I see at least three models, and I hope during the discussion period we can address the pros and cons of each of these models. One is an AAU leadership model: the presidents and chancellors taking the leadership with direct input from ARL as well as the American Council of Learned Societies (ACLS)--especially with the managing of social sciences--and with the American Association for the Advancement of the Sciences (AAAS) representing science, technology, and energy. The second model is a joint collaborative governance/leadership role played by AAU and ARL with ACLS, AAAS, and perhaps the Association of American University Presses (AAUP) providing direct input. The governance would come from AAU and ARL. The third model, which is the most inclusive, involves full partnership of at least the AAU, ARL, ACLS, AAAS, and perhaps AAUP university presses, with probably other groups, as well, playing a supporting role. So those three models are ordered in terms of inclusiveness.
My own personal preference is for the second one--having ARL and AAU play a definitive leadership and governance role and bringing in the other parties as necessary. Others may want to suggest that a less inclusive, or perhaps a more inclusive, approach is the better one. I would like to get some feedback on that issue.

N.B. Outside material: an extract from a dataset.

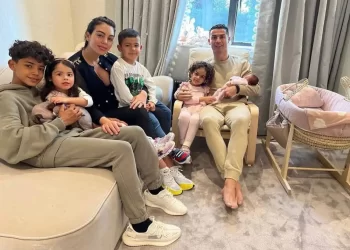 Ronaldo Mansion in Saudi Arabia — Inside the $170M Concept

A second related issue is: how are we going to fund the next stage of the project? Well, there are some obvious sources. My guess is that we will have to mix and match the best we can in order to carry on this project. First, of course, will be sharing by the institutions that will be directly involved in the pilot projects, such as the pilot projects that are initiated through the Foreign Acquisitions Task Force. Or, will it be all the AAU institutions or all the institutions represented by the ARL? Second, there will be institution-specific investments necessary, most especially investments in technology. As you recall, one of the major recommendations of the STI task force was that each institution should put itself in a position to take advantage of the technological and communications advances that are being made, including wiring the last hundred feet. And third, perhaps on an individual subproject basis, will be an appeal to foundations in order to move the project forward, at least in the key areas. My expectation is that all of these mechanisms will be necessary.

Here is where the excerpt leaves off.